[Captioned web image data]
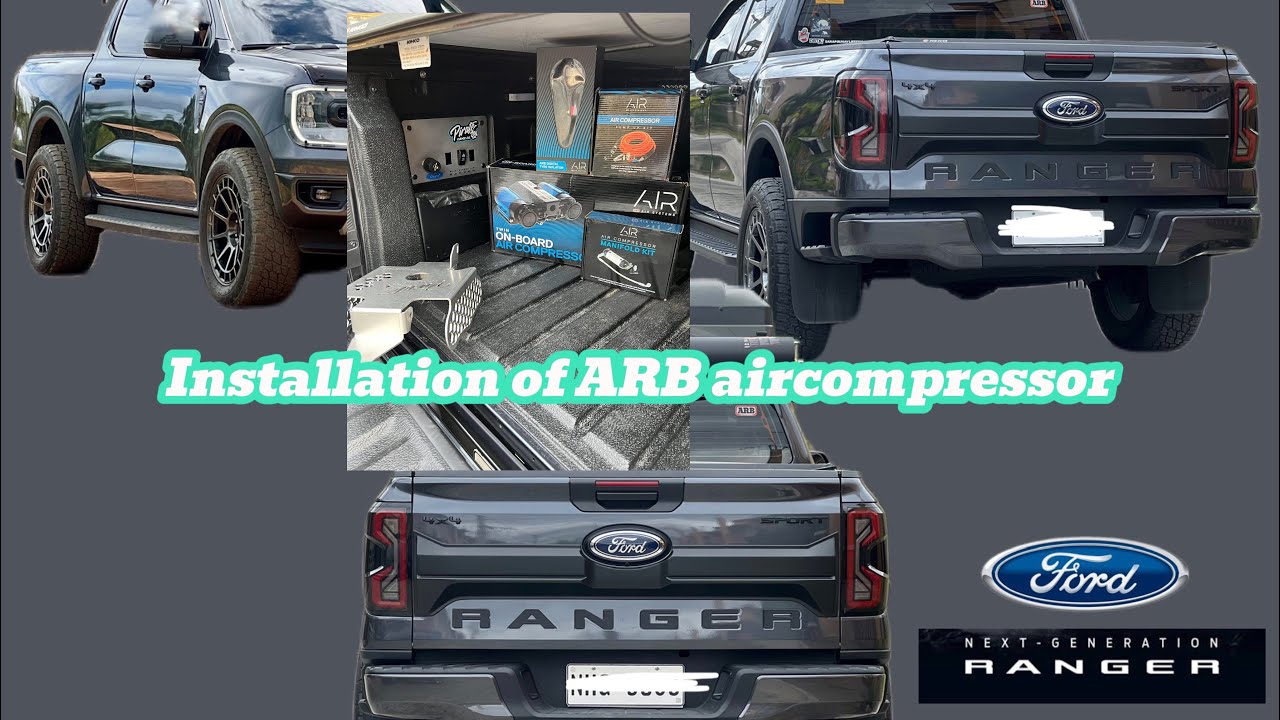 Arb twin compressor on Ford ranger next gen - YouTube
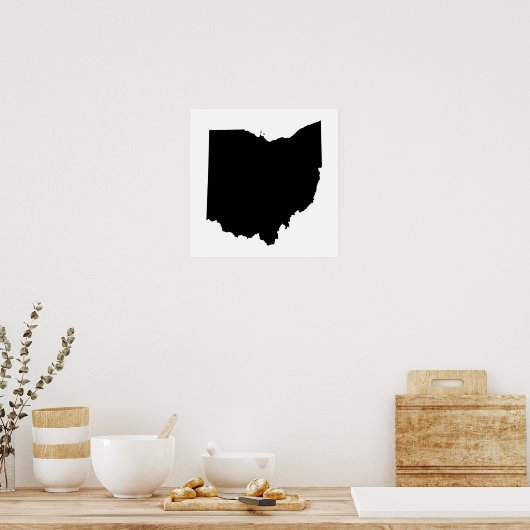 Ohio in Schwarz und Weiß Poster (Küche)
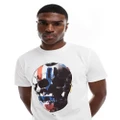 PS Paul Smith t-shirt with skull print in white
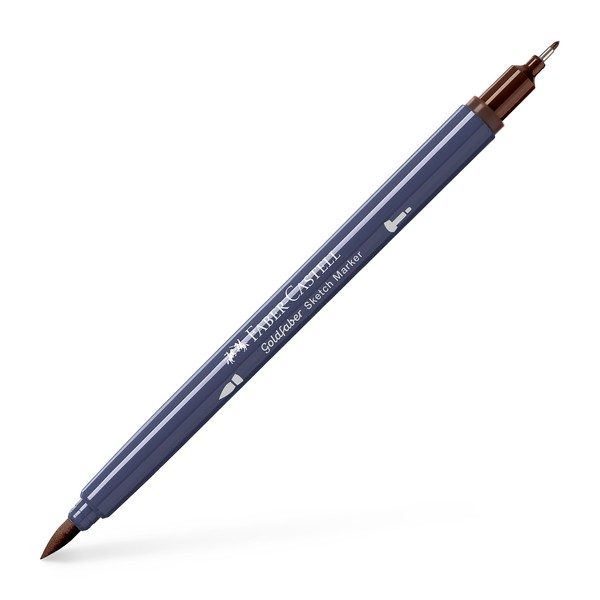 Faber-Castell Creative Studio Goldfaber Sketch Marker, Burnt Umber, Single Marker,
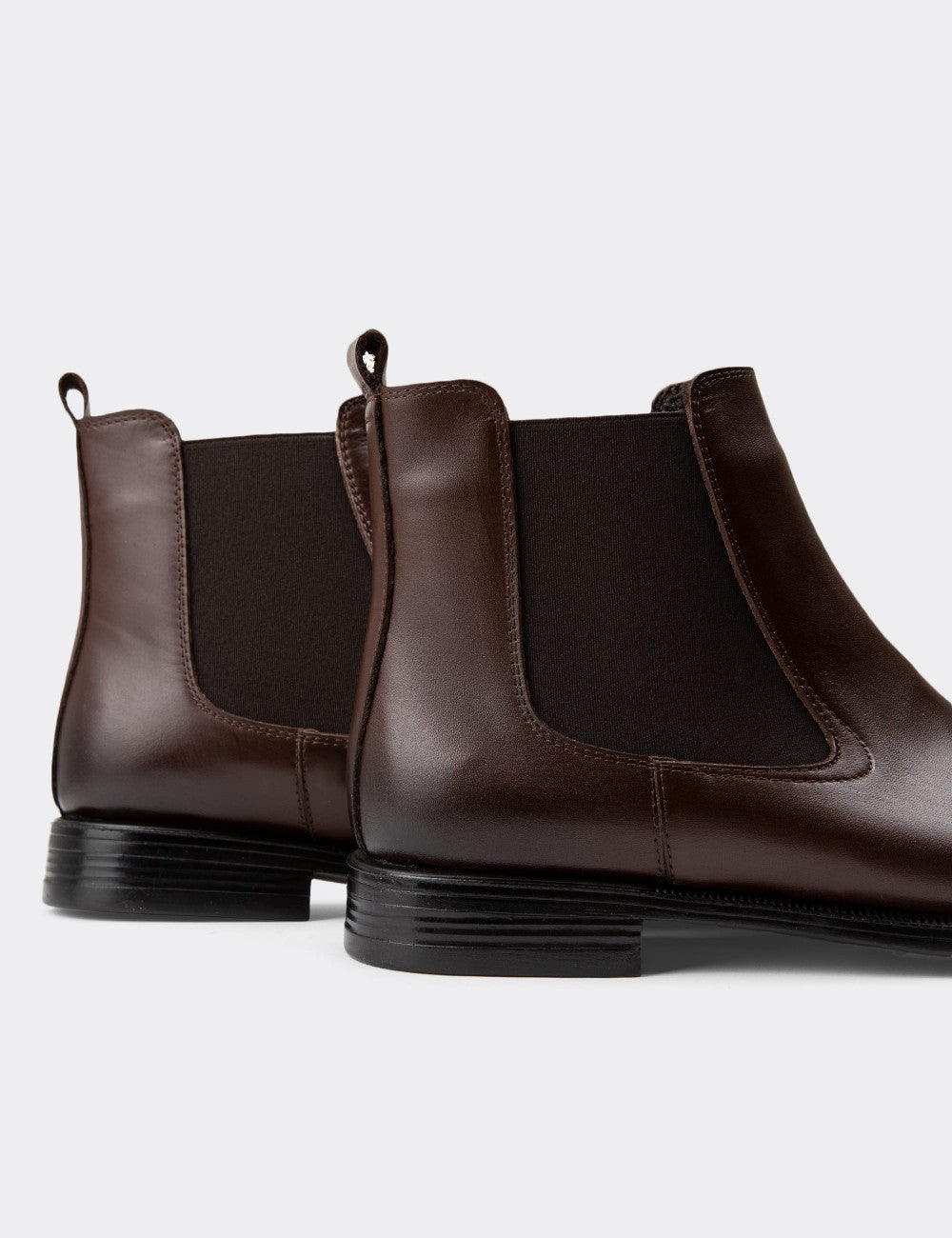 Brown Leather Boots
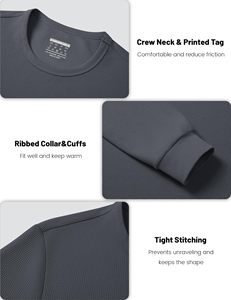 เสื้อกันหนาวผู้ชายแบบวาฟเฟิลถัก แขนยาว เสื้อซับใน ขายส่ง - Product Image 3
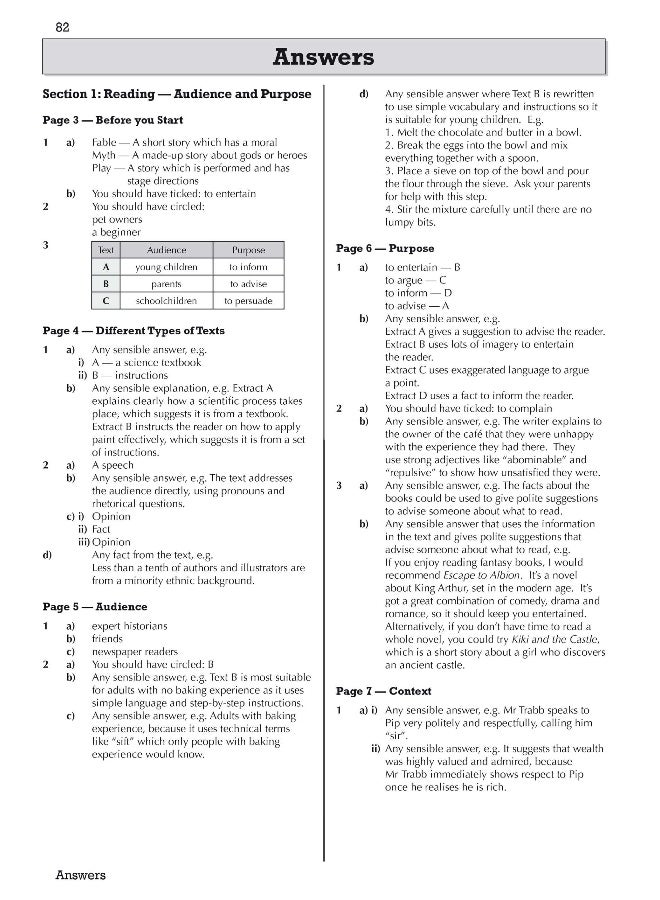 كتاب العمل المستهدف للغة الإنجليزية للصف الثامن KS3 (مع الإجابات) - Image 4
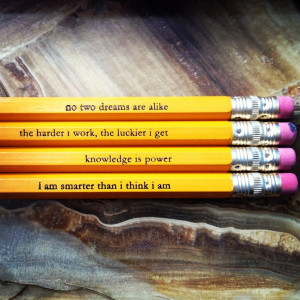 quotes, pencils
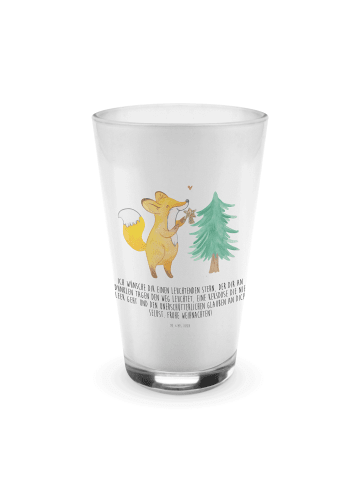 Mr. & Mrs. Panda Glas Fuchs  Weihnachtsbaum mit Spruch in Transparent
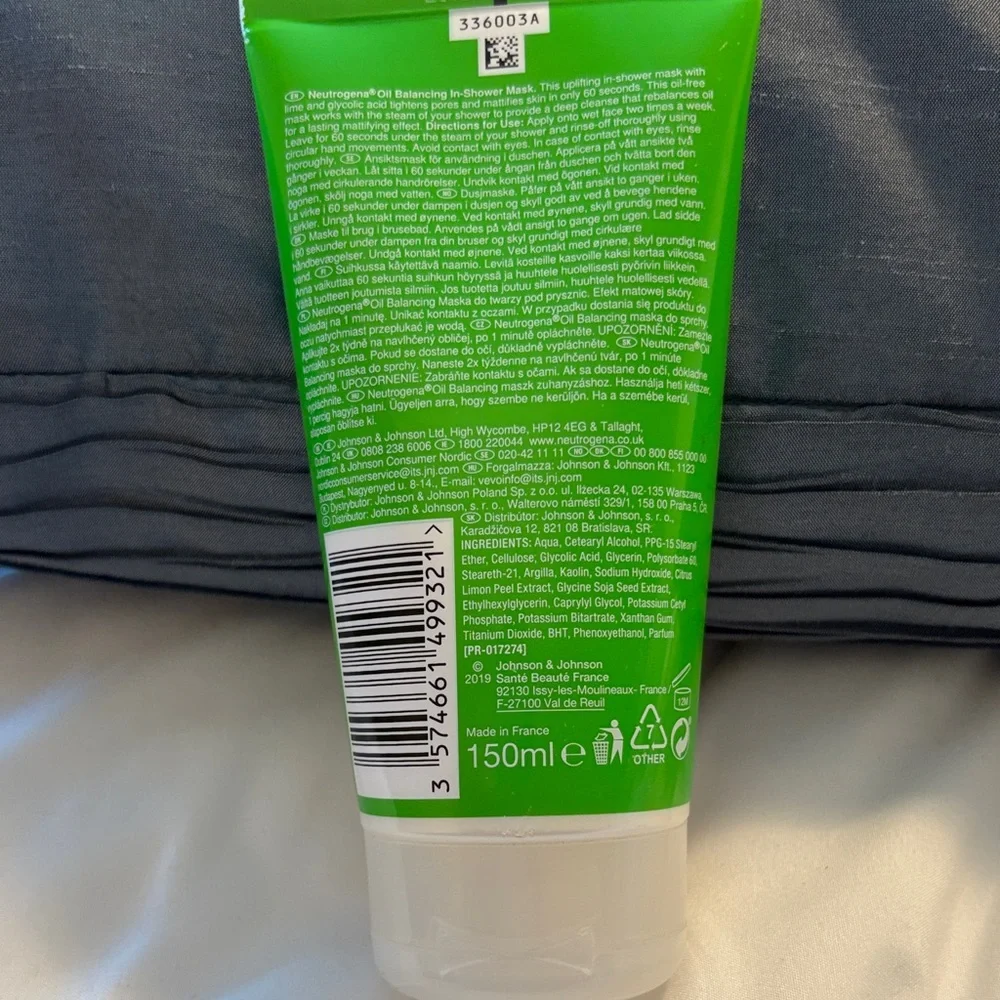 Neutrogena oil balancing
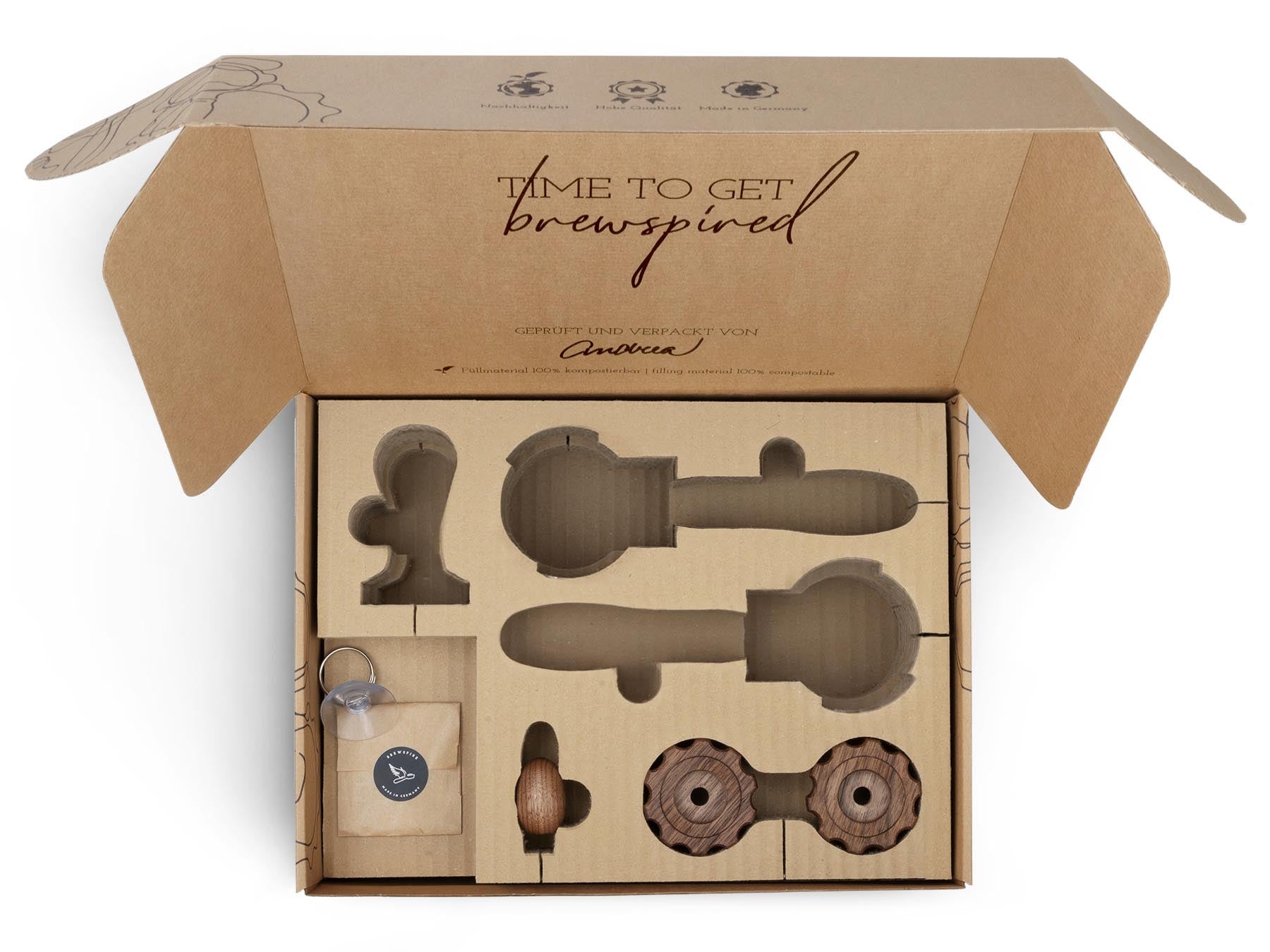 Holz Veredelungsset – für Rocket Maschinen (klassisch)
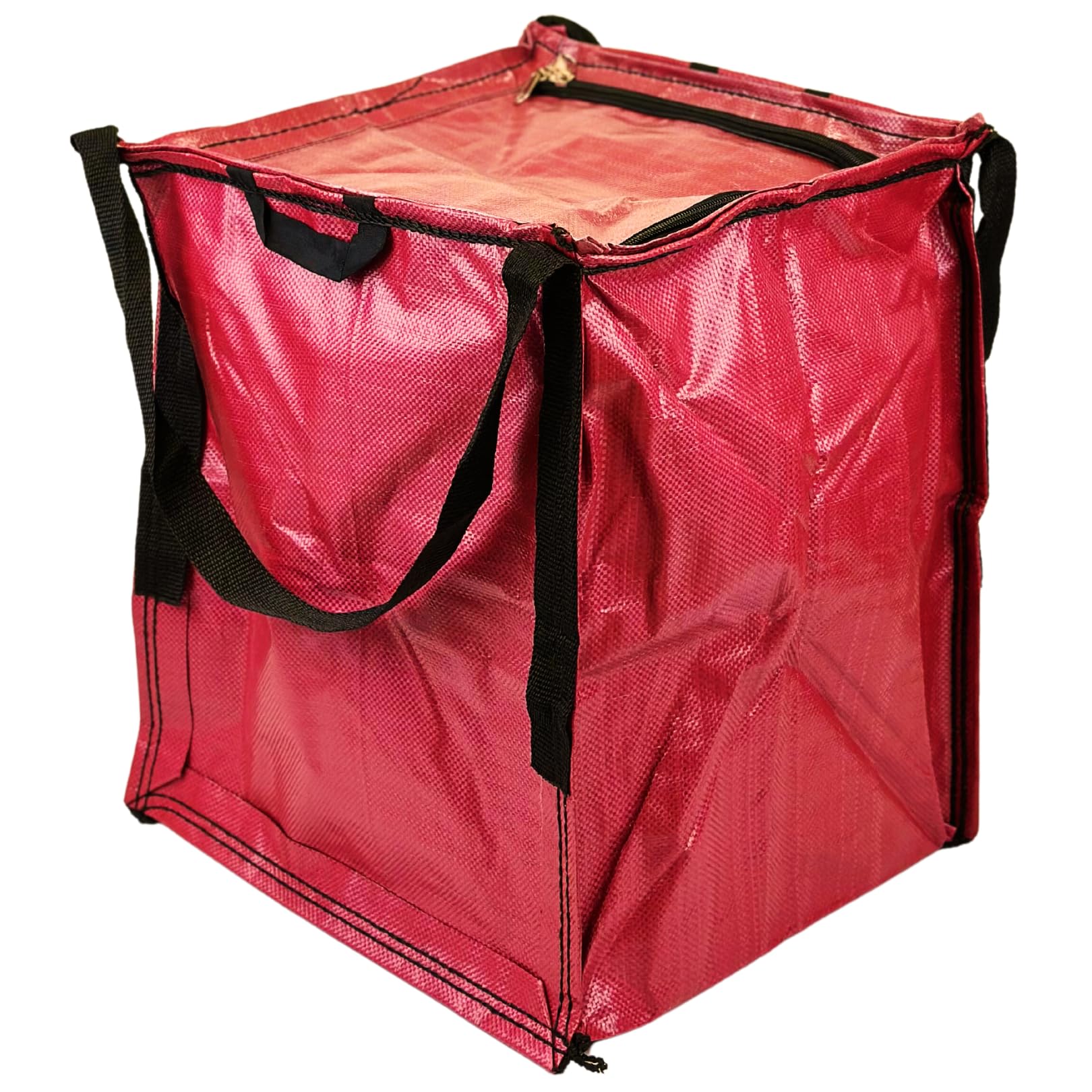 DURASACK Heavy Duty Storage Tote Bag with Zipper Top 22Gallon Rugged Woven Polypropylene Moving Bag, Reusable SelfStanding Des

EXERCISE OBJECTIVE:
Copy out every line above without change, dropping the pictures.

SOLUTION:
 Arb twin compressor on Ford ranger next gen - YouTube
 Ohio in Schwarz und Weiß Poster (Küche)
 PS Paul Smith t-shirt with skull print in white
 Faber-Castell Creative Studio Goldfaber Sketch Marker, Burnt Umber, Single Marker,
 Brown Leather Boots
 เสื้อกันหนาวผู้ชายแบบวาฟเฟิลถัก แขนยาว เสื้อซับใน ขายส่ง - Product Image 3
 كتاب العمل المستهدف للغة الإنجليزية للصف الثامن KS3 (مع الإجابات) - Image 4
 quotes, pencils
 Mr. & Mrs. Panda Glas Fuchs  Weihnachtsbaum mit Spruch in Transparent
 Neutrogena oil balancing
 Holz Veredelungsset – für Rocket Maschinen (klassisch)
 DURASACK Heavy Duty Storage Tote Bag with Zipper Top 22Gallon Rugged Woven Polypropylene Moving Bag, Reusable SelfStanding Des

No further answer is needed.